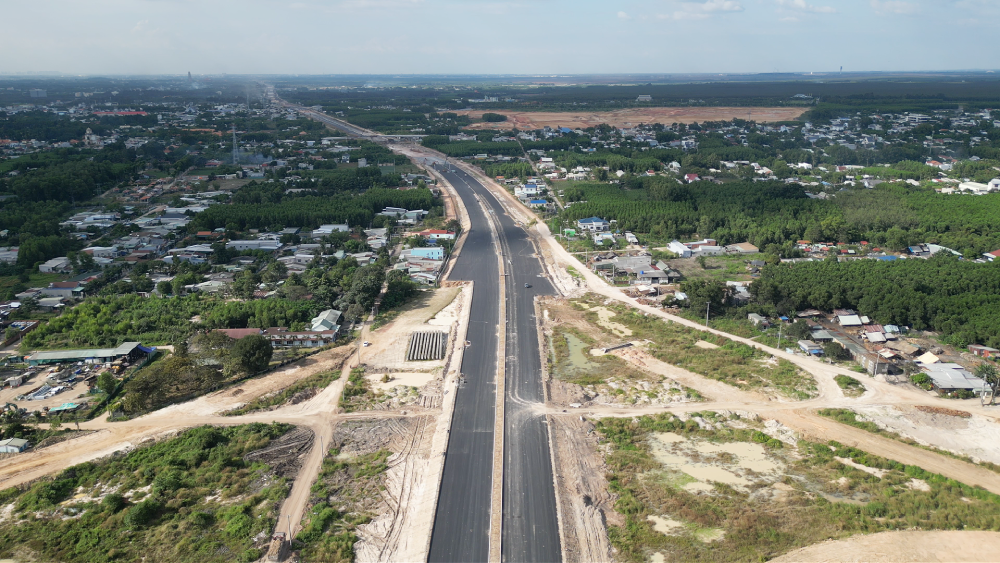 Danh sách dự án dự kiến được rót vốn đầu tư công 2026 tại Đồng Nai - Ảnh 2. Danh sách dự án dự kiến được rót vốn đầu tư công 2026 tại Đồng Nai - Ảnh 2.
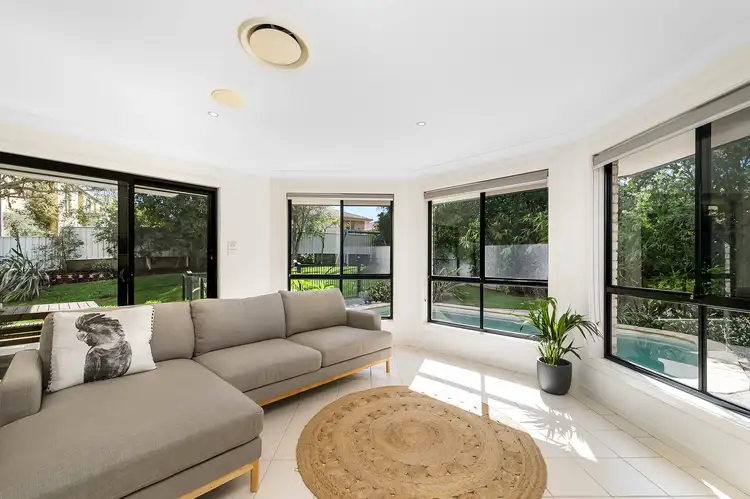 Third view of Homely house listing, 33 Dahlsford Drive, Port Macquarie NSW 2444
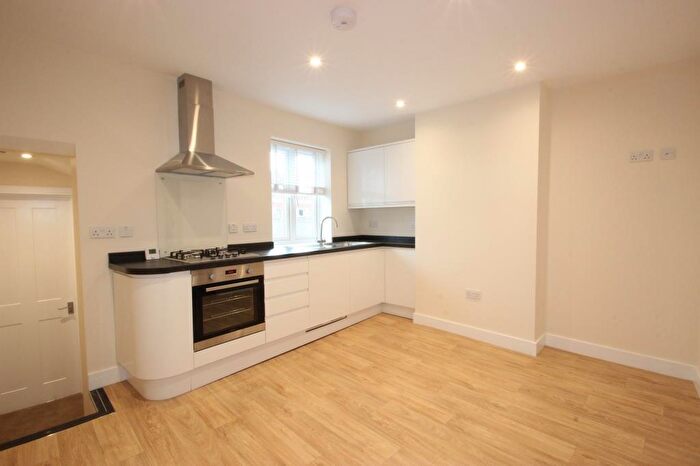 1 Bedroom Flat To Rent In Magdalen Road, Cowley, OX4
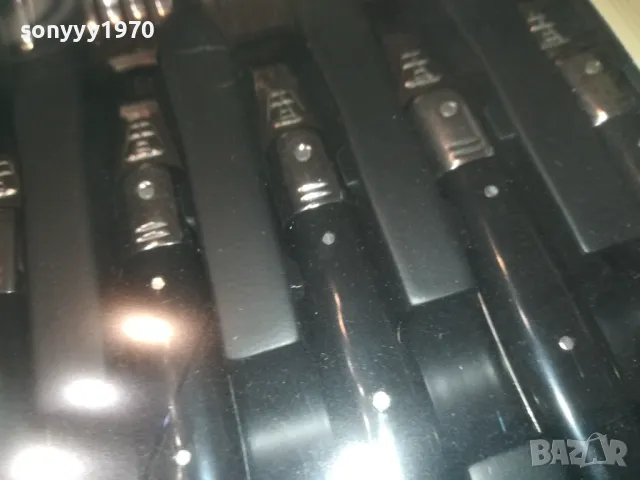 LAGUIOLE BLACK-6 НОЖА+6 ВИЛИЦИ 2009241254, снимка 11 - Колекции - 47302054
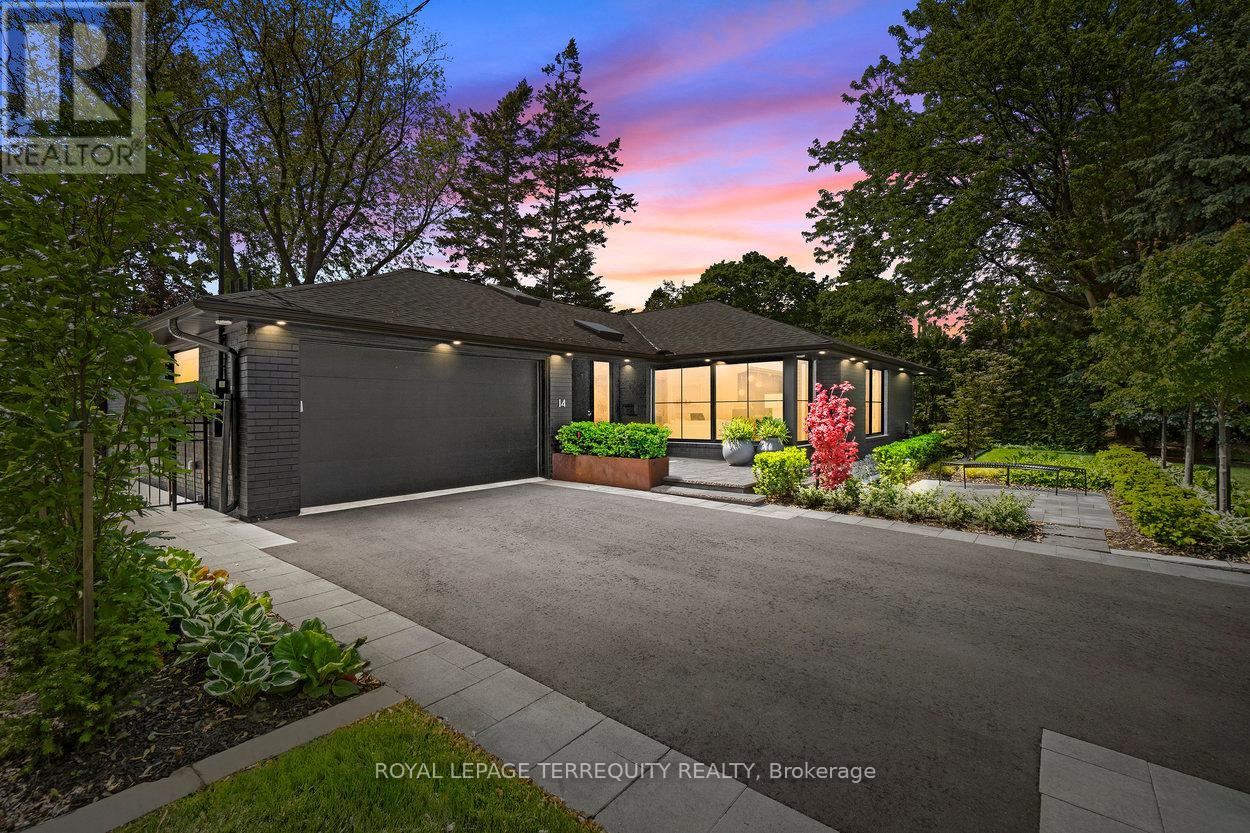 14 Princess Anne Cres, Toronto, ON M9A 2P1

§

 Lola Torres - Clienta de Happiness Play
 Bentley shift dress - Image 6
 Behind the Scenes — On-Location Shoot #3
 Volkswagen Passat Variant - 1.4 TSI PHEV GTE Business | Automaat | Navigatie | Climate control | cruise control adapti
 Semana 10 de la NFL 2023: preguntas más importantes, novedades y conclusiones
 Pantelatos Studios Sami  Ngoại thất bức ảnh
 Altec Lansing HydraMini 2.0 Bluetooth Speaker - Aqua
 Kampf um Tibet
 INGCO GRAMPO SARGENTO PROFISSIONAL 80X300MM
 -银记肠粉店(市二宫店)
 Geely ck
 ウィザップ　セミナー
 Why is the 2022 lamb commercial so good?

§

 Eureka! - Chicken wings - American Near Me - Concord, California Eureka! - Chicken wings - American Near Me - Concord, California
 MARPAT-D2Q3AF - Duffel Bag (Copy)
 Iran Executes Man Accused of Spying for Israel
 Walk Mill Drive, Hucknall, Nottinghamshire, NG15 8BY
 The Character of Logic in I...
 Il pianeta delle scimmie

§

* Work item: In the listing above, find the line with "Third view of" and the line with "14 Princess Anne Cres, Toronto, ON M9A 2P1". Set down exactly those lines and everything between them, skipping pictures.

* The completed task:
 Third view of Homely house listing, 33 Dahlsford Drive, Port Macquarie NSW 2444
 1 Bedroom Flat To Rent In Magdalen Road, Cowley, OX4
 LAGUIOLE BLACK-6 НОЖА+6 ВИЛИЦИ 2009241254, снимка 11 - Колекции - 47302054
 14 Princess Anne Cres, Toronto, ON M9A 2P1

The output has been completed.